Chris Thompson

VIDEO PREMIERE: Chris Thompson - Lot Hero「wasuremono mix」

Will Shenton

Though it takes place in a surreal, oceanic world, video artist Jonathan William Turner's accompaniment to Chris Thompson's "Lot Hero" creates a sense of emergent narrative that makes it hard to tear yourself away. As the opening percussion and giggling voices are transfigured into the skeleton of the song, the camera jumps around an abstract pattern of waves and ripples. It begins to slowly pull back, revealing that this dynamic texture has manifested in the shape of a cat.

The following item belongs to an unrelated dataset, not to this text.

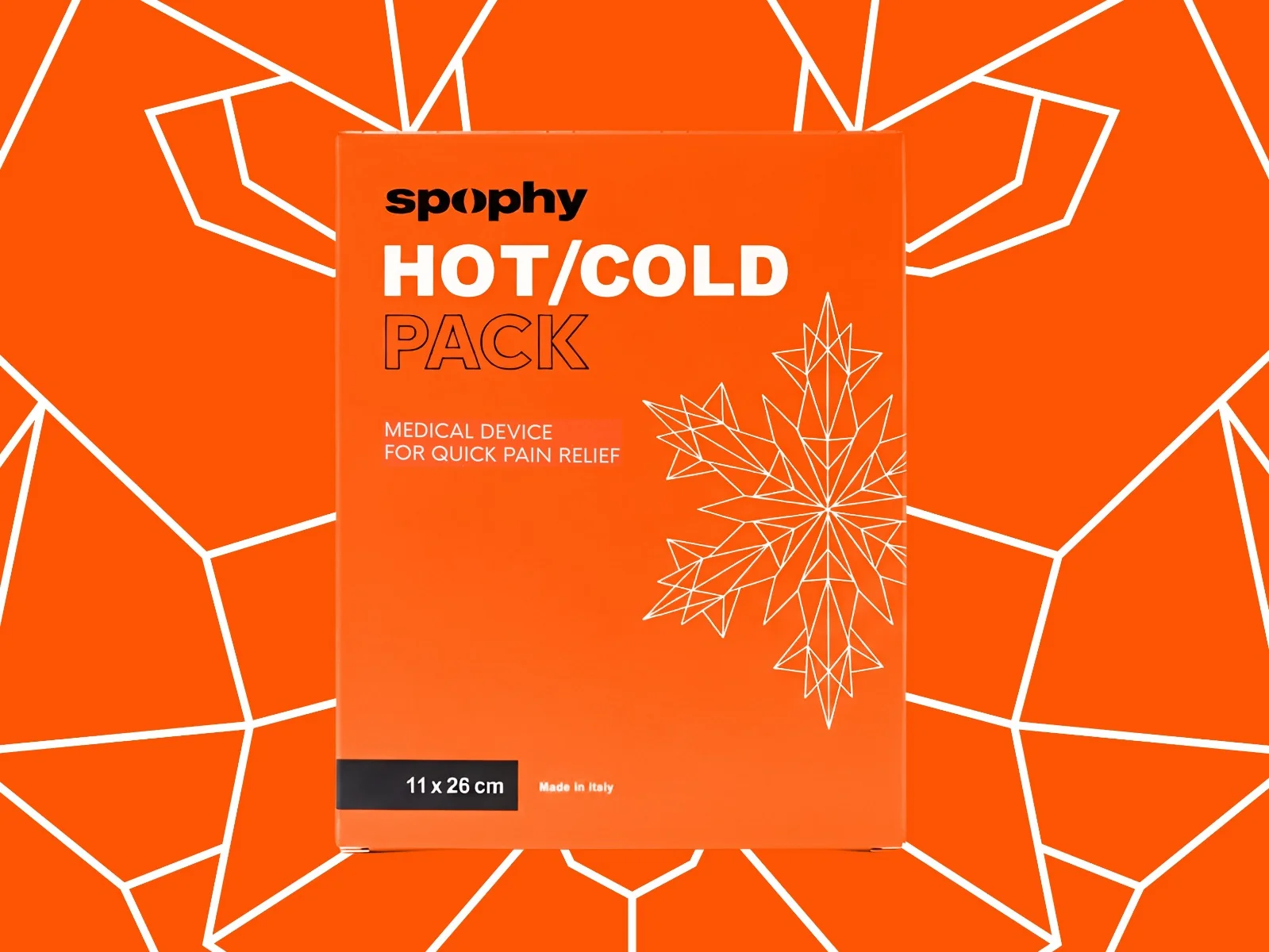 Spophy Hot/Cold Pack 11 x 26 cm hřejivý/chladivý sáček 1 ks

This is the first of many similar scenes, which, when accompanied by Thompson's hypnotic, otherworldly electronics, seem to show us not a series of mundane objects, but perhaps their platonic ideals. A stuffed rabbit, a chair, a boot, a mannequin, and a dozen other shapes are rendered alien by watery distortion. The animations are beautiful, and as each movement of the seven-minute track pulls us deeper into the music—sometimes driving electronic percussion, sometimes orchestral synths, sometimes restrained piano interludes—the visuals compel us to invent a story.

These scattered, submerged objects eventually agglomerate into a sort of ball as if magnetized, and are sucked (or make their way voluntarily?) into a massive, surprisingly placid whirlpool, at which point they once again go their separate ways. According to the artists, this represents something universal: memories rising to the surface and merging, dreamlike, into our sense of self. It's a poetic notion, and one that lends itself to endless additional interpretations. Fortunately, this is such a beautiful video that it's no chore to study it over and over again.

Chris Thompson's new EP, Lot Hero, was released earlier this month.